|R.I.P. 2008 - 2010|
On Friday, upon returning home from work, I was reading up on soccer news from my Twitter feed when I started reading frantic "tweets" from many of my Austin soccer friends. Inside Minnesota Soccer had broken the news that my local club, the Austin Aztex, were packing up and moving to Orlando, Florida. Today, the news was confirmed in a press conference held by the Aztex's owner, Phil Rawlins.
The news, seemingly out of nowhere, was, need-less-to-say, a complete shock to me.
Near the end of September I attended, along with a few thousand of my closest friends, the home finale of the Aztex as they defeated AC St. Louis, 4-2. It's with bitter irony that, at the time, we members of the Austin supporters group, Chantico's Army, chanted "Happy trails to you, we'll never meet again" to the AC players, mocking their clubs' endless financial problems and the possibility that their club would fail in the off-season.
How tragic that the pie was actually on our faces.
This is the frailty of soccer in America.
To see a franchise in American soccer fail is not surprising. In Major League Soccer, the domestic top-flight went through a series of painful contractions shedding teams in weak markets (two in Florida interestingly enough) in order to save the rest of the ship. In the second division of U.S. soccer club failures are more common, even expected, as 75% of teams have failed. The story of the Aztex is not one of failure, though.

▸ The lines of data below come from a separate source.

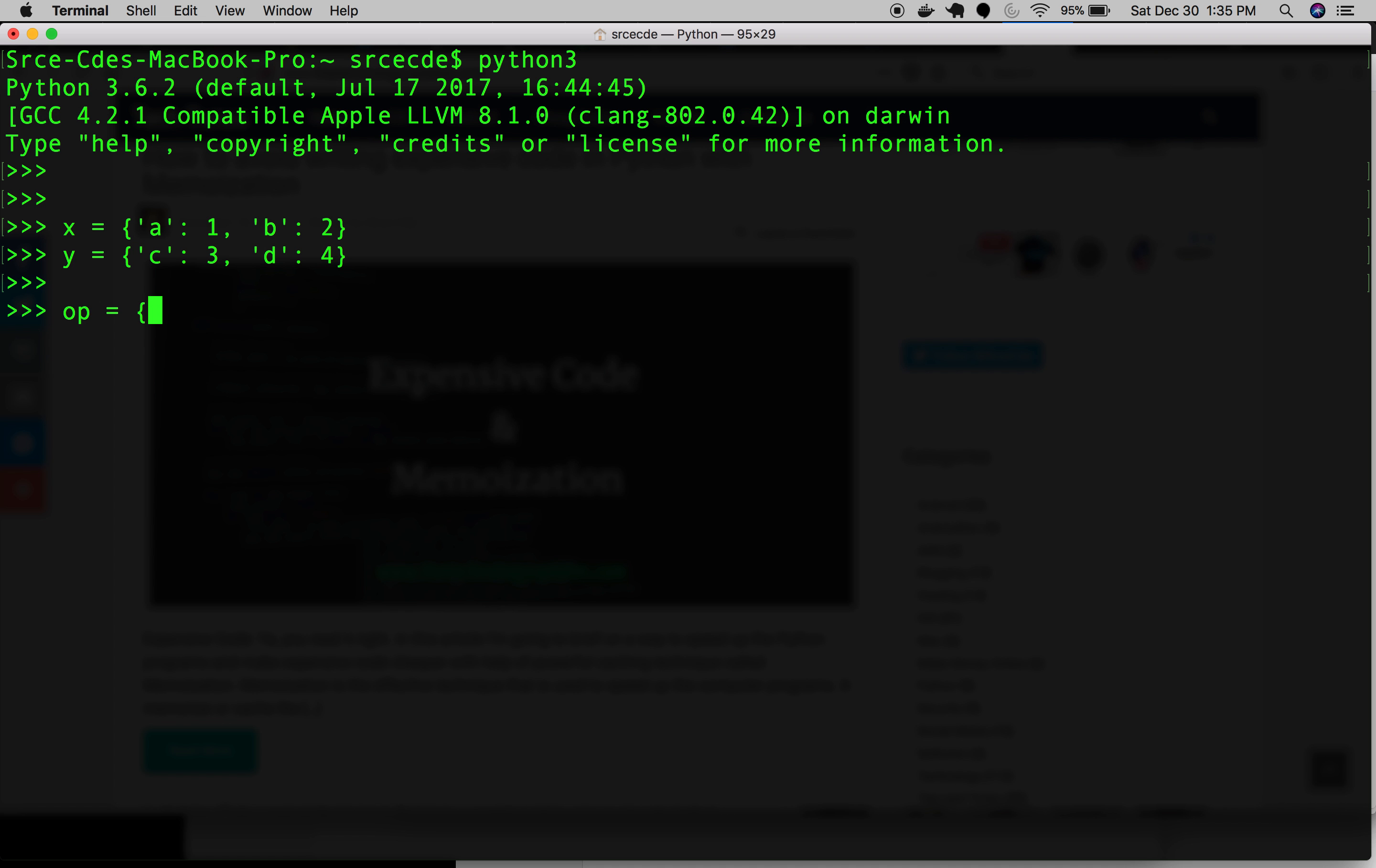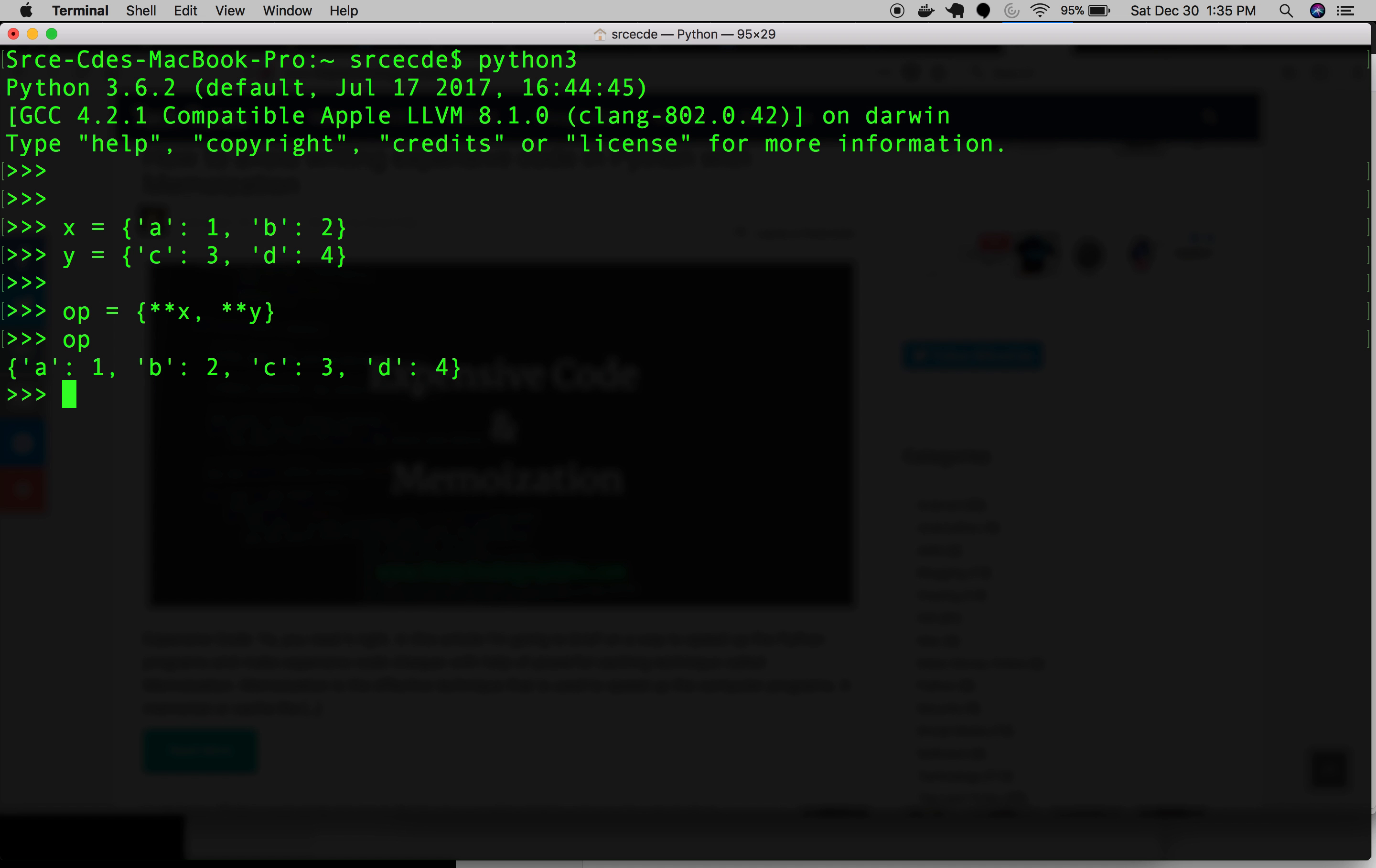Now let's print the output. And yeah, here you can see both the dictionaries have been merged and now it is resulting into the op variable, this output. Both dictionaries merged easily because all the keys are unique.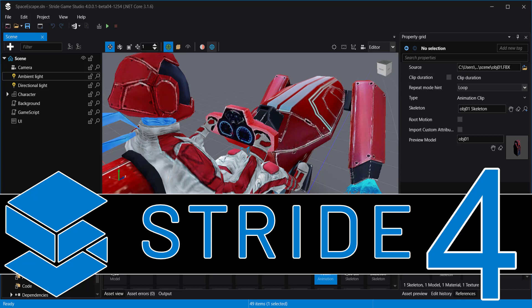Hello ladies and gentlemen, it's Mike here at Game From Scratch, and today we are talking about the Stride game engine. Now this one may sound familiar to you, or it may be completely new, and that's because this is a game engine that has been renamed.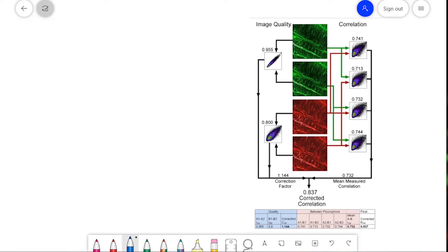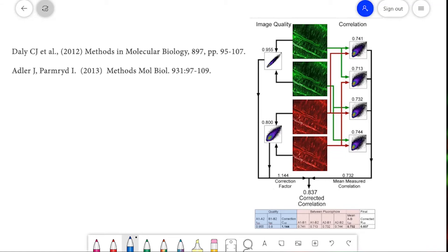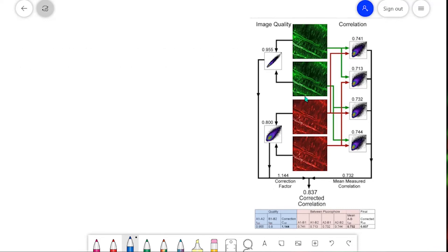This is a method developed by a friend and colleague, Dr. Jeremy Adler, and this figure comes from one of Jeremy's publications. The images here are bits of blood vessel. This image is green time point one, this is green time point two, red time one, and red time two. We collected the Pearson's correlation of green time one against green time two to get 0.955.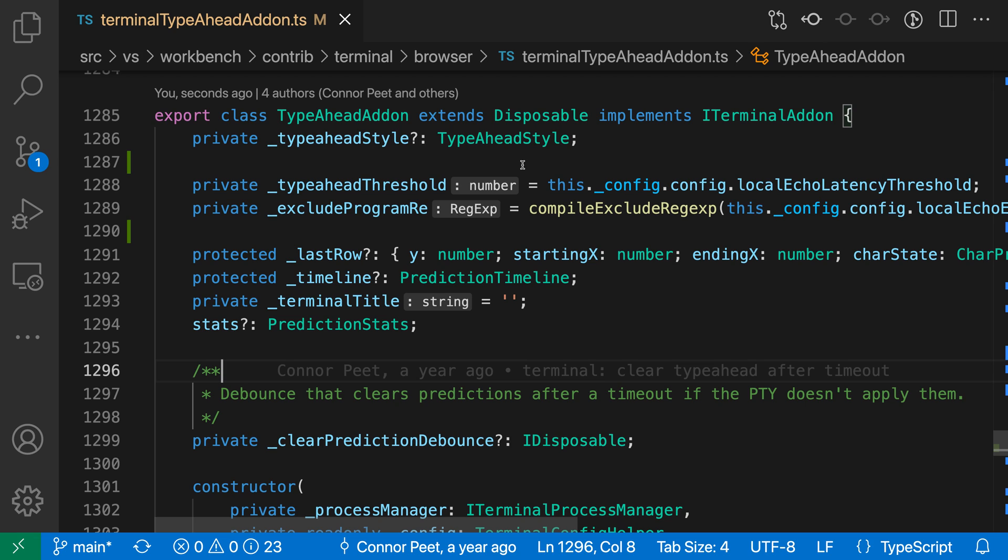It is information that VS Code is adding to help us understand what our code is doing. In this case, it's telling us that type ahead threshold here is actually a number.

The Austin soccer community is vibrant. The metropolitan area is home to nearly 1.75 million people, the 35th largest metro-area in the nation and nearly 40,000 youth soccer players. The population boasts countless young professionals, college students, families, and Latinos all demographically strong soccer fans. In fact, Austin had the seventh largest television audience for the 2010 World Cup. A recent article in the Austin Business Journal said that the economic climate in the city was suitable for a "tier 1" sports franchise.
The support for the Aztex has been nothing short of stable and growing. The team played only two years in the second division and averaged 3,733 people per game (sixth out of twelve teams) during the 2010 season. But the real surprise was that attendance figures rose 25% from 2009 making it the team with the greatest growth in the league. The supporters group, Chantico's Army, was one of the better organized, rowdy, and sizeable in the league.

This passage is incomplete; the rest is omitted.